# What is required
In your copy, leave out the pictures; write out all the data exactly.

# Data shown
.....
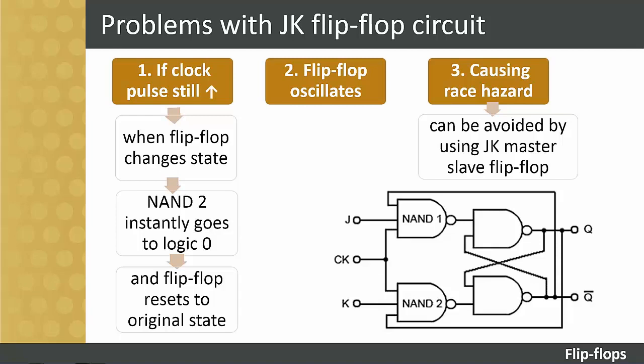This can then set up a situation where the flip-flop will rapidly oscillate, move back and forth, between its two states. This problem caused by the output data racing round the feedback lines from output to input before the end of the clock pulse is called a race hazard and must be avoided. The problem can be avoided by using a more complex version of the circuit, called the JK Master Slave Flip-Flop. We will not discuss this circuit here, as it is beyond the scope of Level 2.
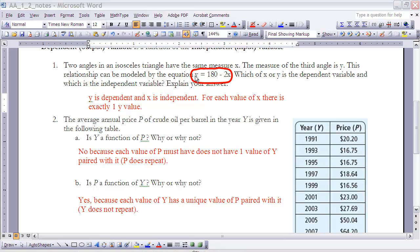Here's a couple of examples. Number one says: two angles of an isosceles triangle have the same measure x; the measure of the third angle is y. This relationship can be modeled with the equation y = 180 − 2x. Which of x or y is the dependent variable and which is the independent variable? Explain your answer.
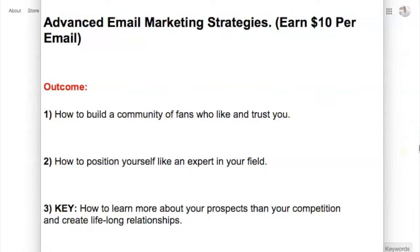Let's dive into today's training. Here are the three advanced email marketing strategies. Number one is how to build a community of fans who like and trust you. Number two is positioning yourself as an expert. Number three is learning more about your prospects than your competition does.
.....
# Response area
This can then set up a situation where the flip-flop will rapidly oscillate, move back and forth, between its two states. This problem caused by the output data racing round the feedback lines from output to input before the end of the clock pulse is called a race hazard and must be avoided. The problem can be avoided by using a more complex version of the circuit, called the JK Master Slave Flip-Flop. We will not discuss this circuit here, as it is beyond the scope of Level 2.
Here's a couple of examples. Number one says: two angles of an isosceles triangle have the same measure x; the measure of the third angle is y. This relationship can be modeled with the equation y = 180 − 2x. Which of x or y is the dependent variable and which is the independent variable? Explain your answer.
Let's dive into today's training. Here are the three advanced email marketing strategies. Number one is how to build a community of fans who like and trust you. Number two is positioning yourself as an expert. Number three is learning more about your prospects than your competition does.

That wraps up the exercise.